WHAT TO DO: Looking at the records below, please work out how many lines contain the word "negro" and give the number alone.

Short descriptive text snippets
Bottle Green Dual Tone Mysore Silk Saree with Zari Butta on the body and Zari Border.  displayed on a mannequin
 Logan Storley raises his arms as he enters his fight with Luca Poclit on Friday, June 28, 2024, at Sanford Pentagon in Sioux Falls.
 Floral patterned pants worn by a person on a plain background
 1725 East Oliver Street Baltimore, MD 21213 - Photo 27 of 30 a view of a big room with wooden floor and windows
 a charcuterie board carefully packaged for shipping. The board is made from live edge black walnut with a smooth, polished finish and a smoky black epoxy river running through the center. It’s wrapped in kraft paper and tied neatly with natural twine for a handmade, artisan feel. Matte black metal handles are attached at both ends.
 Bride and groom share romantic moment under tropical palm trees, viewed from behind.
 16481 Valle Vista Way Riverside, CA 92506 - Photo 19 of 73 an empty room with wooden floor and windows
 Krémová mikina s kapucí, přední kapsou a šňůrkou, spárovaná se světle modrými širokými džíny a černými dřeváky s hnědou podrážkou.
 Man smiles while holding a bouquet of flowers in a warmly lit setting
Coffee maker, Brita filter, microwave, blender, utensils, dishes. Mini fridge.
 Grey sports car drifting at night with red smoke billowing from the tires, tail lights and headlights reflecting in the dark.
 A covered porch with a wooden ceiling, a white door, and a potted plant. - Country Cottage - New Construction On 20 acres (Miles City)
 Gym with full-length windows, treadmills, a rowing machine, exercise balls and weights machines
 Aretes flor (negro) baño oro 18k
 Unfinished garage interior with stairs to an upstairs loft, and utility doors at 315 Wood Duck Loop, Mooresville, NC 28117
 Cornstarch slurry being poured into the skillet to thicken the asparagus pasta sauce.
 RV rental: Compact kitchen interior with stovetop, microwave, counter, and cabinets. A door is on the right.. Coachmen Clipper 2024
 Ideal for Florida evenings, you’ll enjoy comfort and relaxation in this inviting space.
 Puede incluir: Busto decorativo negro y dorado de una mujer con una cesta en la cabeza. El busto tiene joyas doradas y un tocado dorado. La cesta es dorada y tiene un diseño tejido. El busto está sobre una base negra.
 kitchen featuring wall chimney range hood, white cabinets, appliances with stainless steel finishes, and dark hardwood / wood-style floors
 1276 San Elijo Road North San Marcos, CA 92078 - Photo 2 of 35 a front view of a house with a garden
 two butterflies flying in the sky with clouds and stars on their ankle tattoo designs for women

ANSWER TO THE EXERCISE: 2